TASK PROMPT »
Print exactly the lines below between the line containing "Metal Bed House" and the line containing "duree de vie", counting both of those lines. Leave pictures out.

INFORMATION PROVIDED »
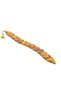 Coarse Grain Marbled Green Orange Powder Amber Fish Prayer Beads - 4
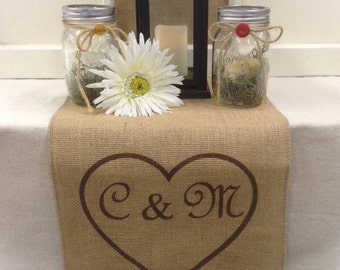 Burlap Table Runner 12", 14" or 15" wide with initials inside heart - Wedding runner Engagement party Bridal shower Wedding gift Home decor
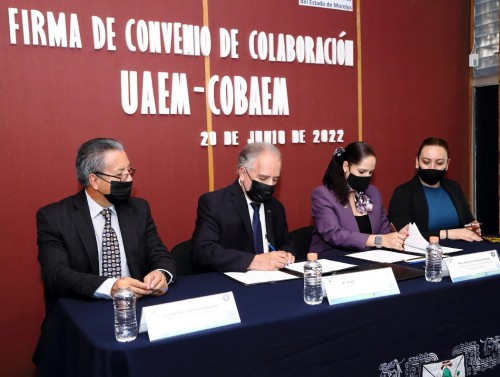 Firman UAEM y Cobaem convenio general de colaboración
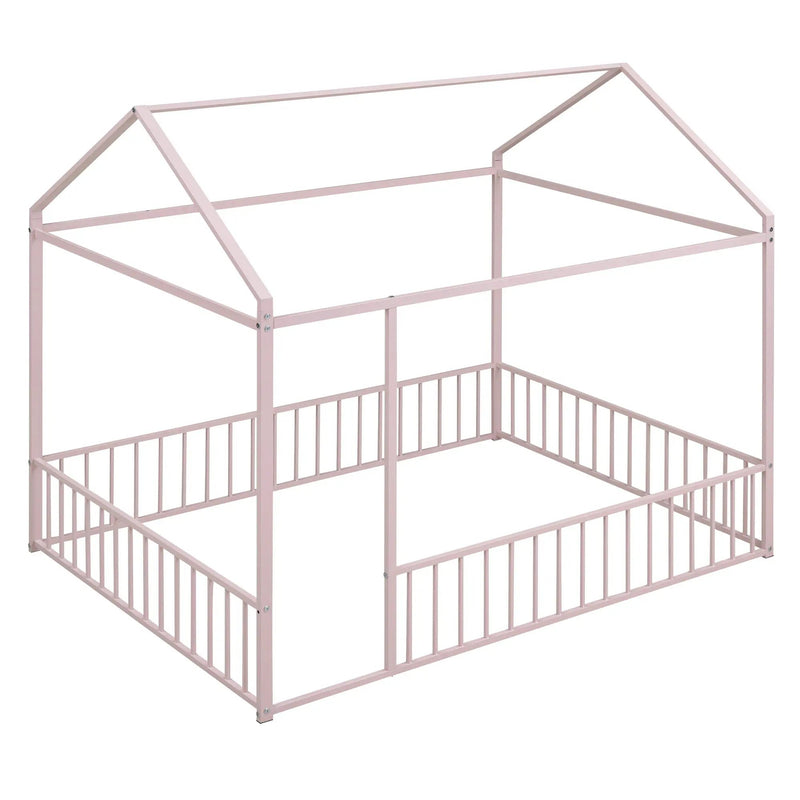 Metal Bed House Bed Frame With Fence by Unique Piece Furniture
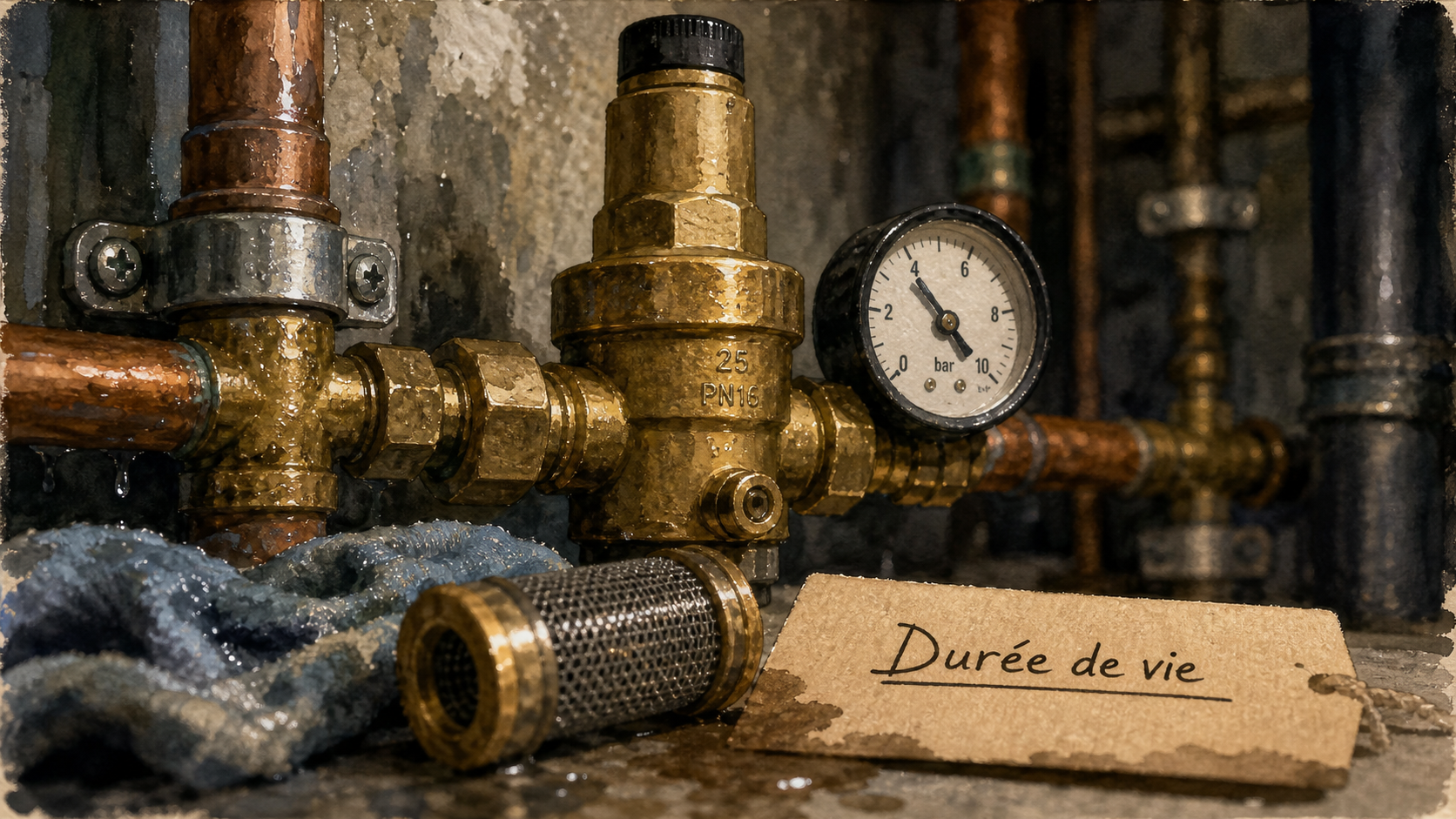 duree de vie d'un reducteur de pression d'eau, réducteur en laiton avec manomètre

* * *

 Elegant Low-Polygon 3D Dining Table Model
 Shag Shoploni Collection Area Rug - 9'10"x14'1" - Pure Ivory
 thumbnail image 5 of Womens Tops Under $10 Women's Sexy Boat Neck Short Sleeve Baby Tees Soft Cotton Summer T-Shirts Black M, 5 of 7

WRITTEN ANSWER »
 Metal Bed House Bed Frame With Fence by Unique Piece Furniture
 duree de vie d'un reducteur de pression d'eau, réducteur en laiton avec manomètre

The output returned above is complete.